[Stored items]

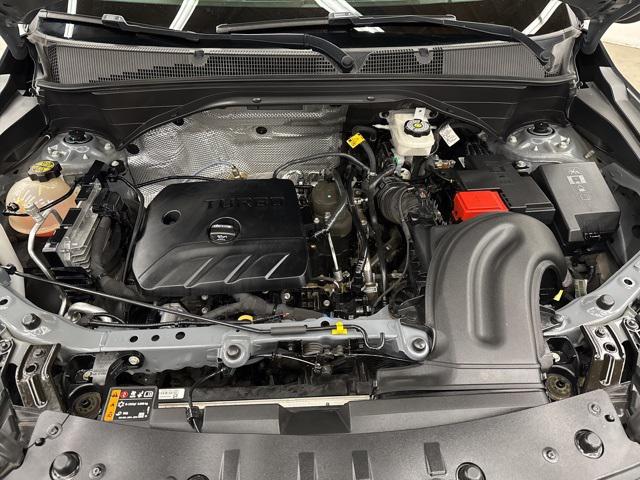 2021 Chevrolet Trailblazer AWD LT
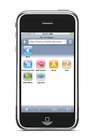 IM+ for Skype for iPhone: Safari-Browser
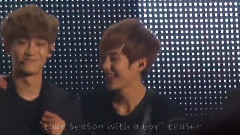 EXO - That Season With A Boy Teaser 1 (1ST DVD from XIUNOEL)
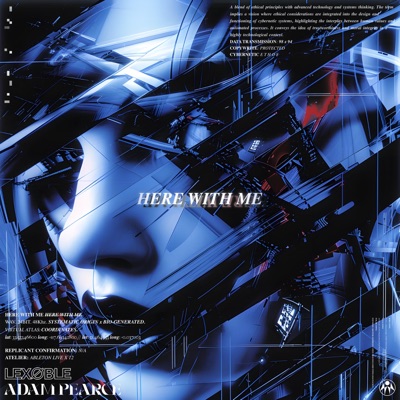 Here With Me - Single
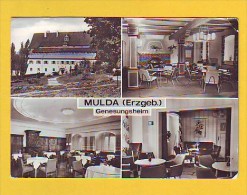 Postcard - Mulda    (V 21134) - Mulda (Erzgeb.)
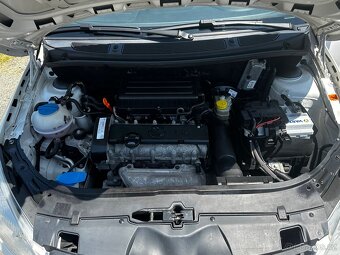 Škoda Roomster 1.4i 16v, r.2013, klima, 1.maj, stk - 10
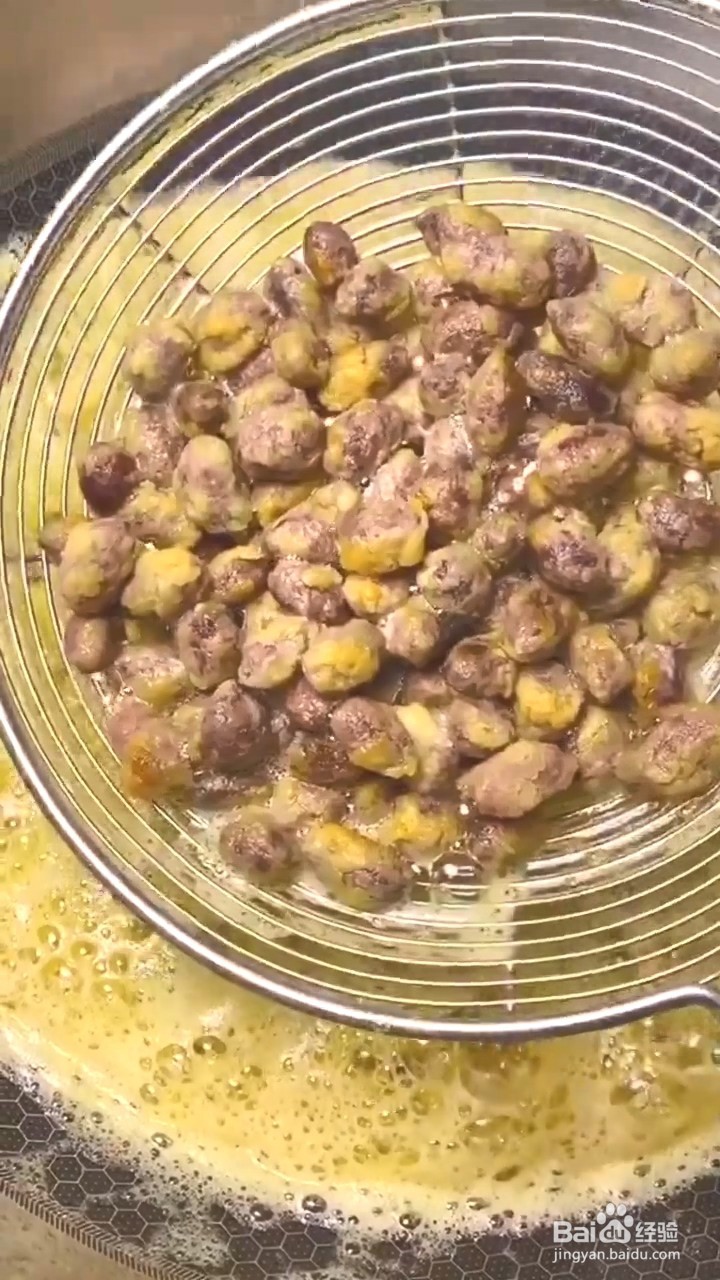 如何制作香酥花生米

WHAT IS NEEDED:
Within the entries above, the lines from the one with "IM+ for Skype for iPhone: Safari-Browser" through the final line are to be printed exactly, with the pictures removed.

SOLVED EXERCISE:
 IM+ for Skype for iPhone: Safari-Browser
 EXO - That Season With A Boy Teaser 1 (1ST DVD from XIUNOEL)
 Here With Me - Single
 Postcard - Mulda    (V 21134) - Mulda (Erzgeb.)
 Škoda Roomster 1.4i 16v, r.2013, klima, 1.maj, stk - 10
 如何制作香酥花生米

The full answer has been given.